Strona:PL A Daudet Nabob.djvu/363

Ta strona została przepisana.

— Bardzo to pięknie, ale nie jesteś przecie cudotwórcą i możesz się mylić jak człowiek. Trzeba koniecznie zwołać konsylium, koniecznie — zaprosić panów Brisset, Jouesselin, Bouchereau — jednem słowem, znakomitości nauki lekarskiej.
— Przerazi się.... zalęknie.
Montpavon zrobił wzgardliwą minę.
— E! mój panie — rzekł — gdybyś był z nami w przykopach pod Konstantyną gdybyś widział księcia, jak nie zmrużył nigdy oka w obec niebezpieczeństwa. Ludzie jak my nie znamy strachu — rozumie pan? Proszę zatem uprzedzić swoich kolegów.... bardzo proszę.
Konsylium odbyło się wieczorem tego samego dnia, ale pod wielkim sekretem, w wielkiej tajemnicy. Dziwna rzecz, ukrywano przed księciem prawidziwe i istotne niebezpieczeństwo, unikając przedstawienia choroby w stanie groźnym.

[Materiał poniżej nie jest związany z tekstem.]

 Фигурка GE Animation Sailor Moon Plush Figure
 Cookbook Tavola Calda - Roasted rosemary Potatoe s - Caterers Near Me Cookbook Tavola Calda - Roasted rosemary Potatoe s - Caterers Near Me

Książe konał, otoczony jakąś tajemniczością, jak owi kacykowie afrykańscy, którzy przy śmierci, nie chcąc zdradzić swej ludzkiej pospolitej natury, każą się tak szczelnie do jakiejś kryjówki schować — aby wierzono, że oni rozwiali się w mgły i uniesieni zostali w niebieskie przestworza przez duchy niewidzialne i że istotnie zostali Bogami.
Przy tem chciano uniknąć niepotrzebnych scen, rozczulań, żalów, rozpaczy, komedyj odgrywanych przez urzędników, służbę, a nawet i przez osoby bliższe księcia, a mające na celu zdobycie życzliwości umierającego, w chwili, gdy należy koniecznie uczynić rozbrat z życiem i zaznaczyć go jakim miłosiernym uczynkiem — czy to dla dobra publicznego a chociażby przynajmniej testamentem na korzyść rodziny.